Required work: Begin at the line that holds "New Simple Metal" and copy each line exactly until the data below ends, including that last line but no pictures.

[Data records]
----------------
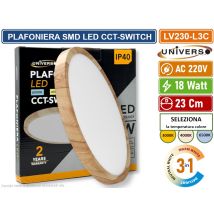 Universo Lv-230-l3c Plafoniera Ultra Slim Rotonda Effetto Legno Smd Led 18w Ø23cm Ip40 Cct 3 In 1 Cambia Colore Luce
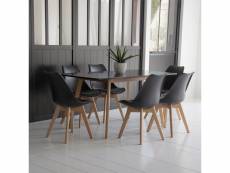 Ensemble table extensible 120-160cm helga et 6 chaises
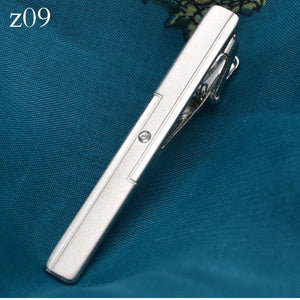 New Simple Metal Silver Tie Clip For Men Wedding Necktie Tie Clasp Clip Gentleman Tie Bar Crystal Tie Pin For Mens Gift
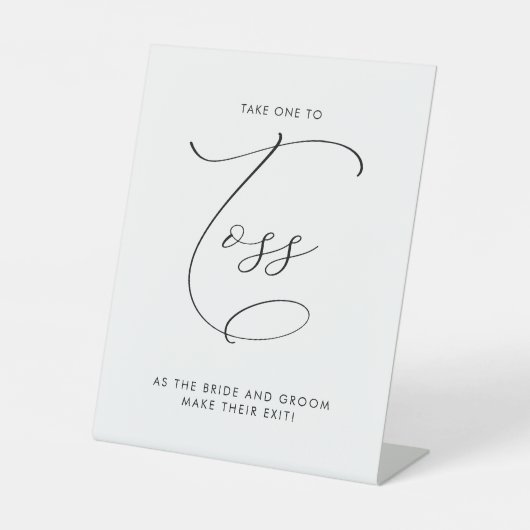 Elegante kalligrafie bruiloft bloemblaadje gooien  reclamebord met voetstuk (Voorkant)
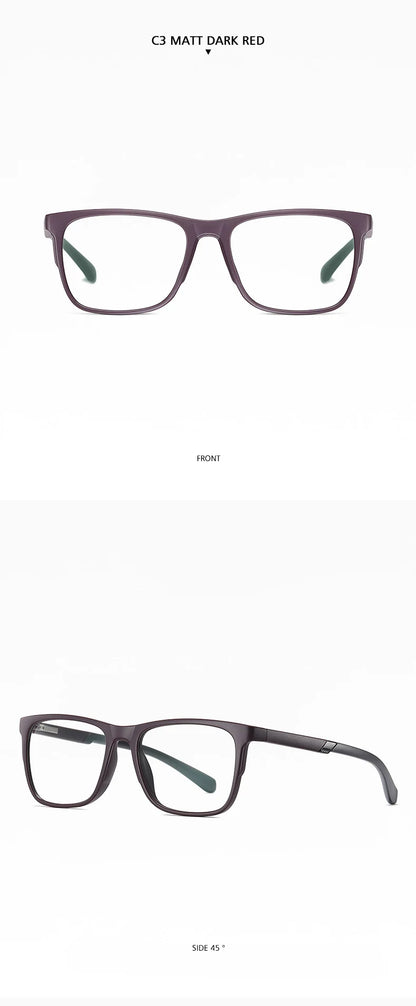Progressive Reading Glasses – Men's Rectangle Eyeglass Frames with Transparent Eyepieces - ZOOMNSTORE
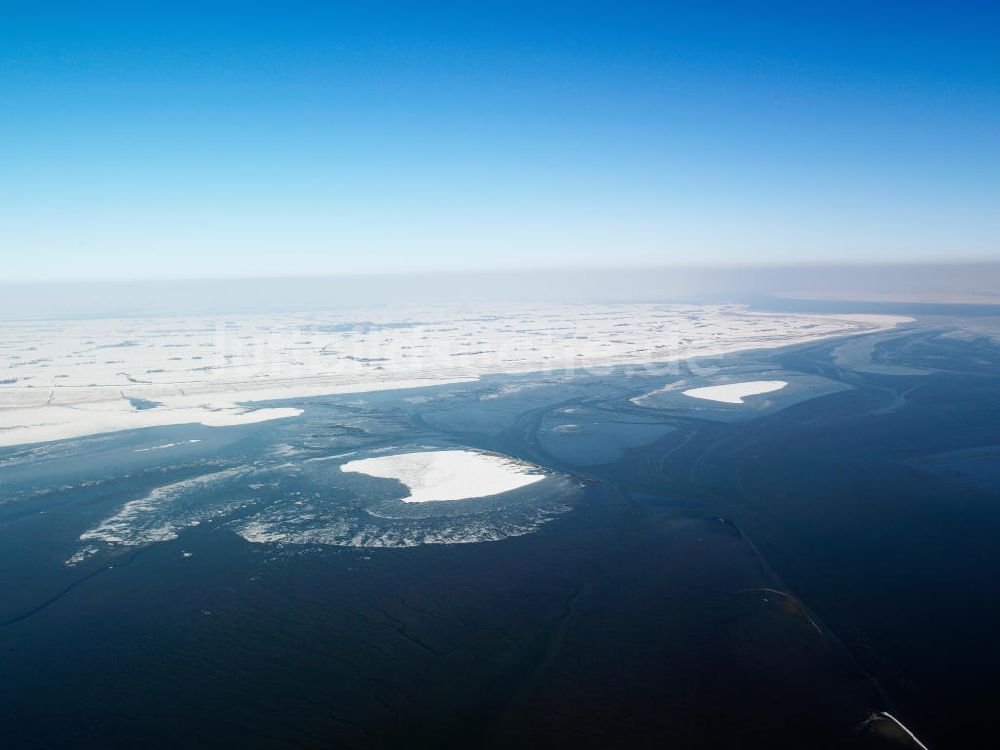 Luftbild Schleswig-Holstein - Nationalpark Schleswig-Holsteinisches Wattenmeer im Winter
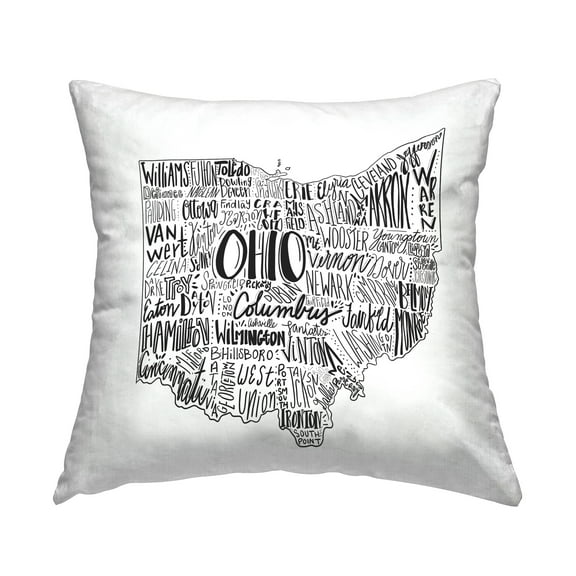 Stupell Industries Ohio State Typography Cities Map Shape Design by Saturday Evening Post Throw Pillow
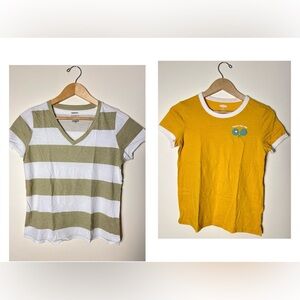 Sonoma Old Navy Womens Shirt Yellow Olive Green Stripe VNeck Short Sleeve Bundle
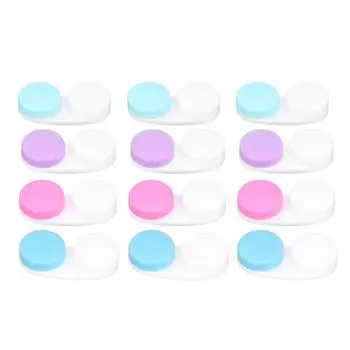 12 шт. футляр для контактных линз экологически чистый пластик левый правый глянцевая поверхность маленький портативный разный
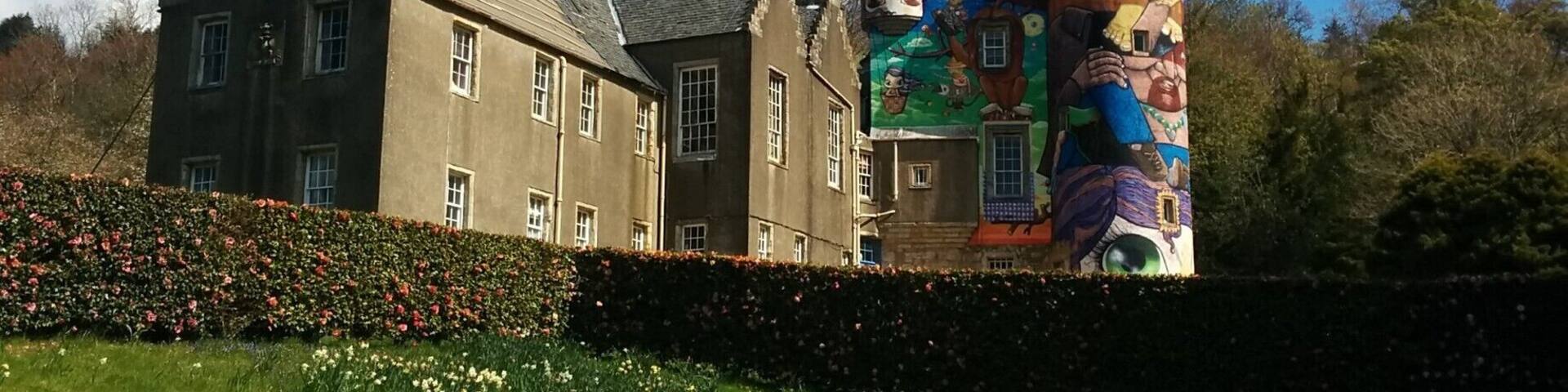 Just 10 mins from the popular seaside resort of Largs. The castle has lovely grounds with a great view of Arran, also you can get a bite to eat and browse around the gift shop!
----------------
Problem solution:
 New Simple Metal Silver Tie Clip For Men Wedding Necktie Tie Clasp Clip Gentleman Tie Bar Crystal Tie Pin For Mens Gift
 Elegante kalligrafie bruiloft bloemblaadje gooien  reclamebord met voetstuk (Voorkant)
Progressive Reading Glasses – Men's Rectangle Eyeglass Frames with Transparent Eyepieces - ZOOMNSTORE
 Luftbild Schleswig-Holstein - Nationalpark Schleswig-Holsteinisches Wattenmeer im Winter
 Stupell Industries Ohio State Typography Cities Map Shape Design by Saturday Evening Post Throw Pillow
 Sonoma Old Navy Womens Shirt Yellow Olive Green Stripe VNeck Short Sleeve Bundle
 12 шт. футляр для контактных линз экологически чистый пластик левый правый глянцевая поверхность маленький портативный разный
 Just 10 mins from the popular seaside resort of Largs. The castle has lovely grounds with a great view of Arran, also you can get a bite to eat and browse around the gift shop!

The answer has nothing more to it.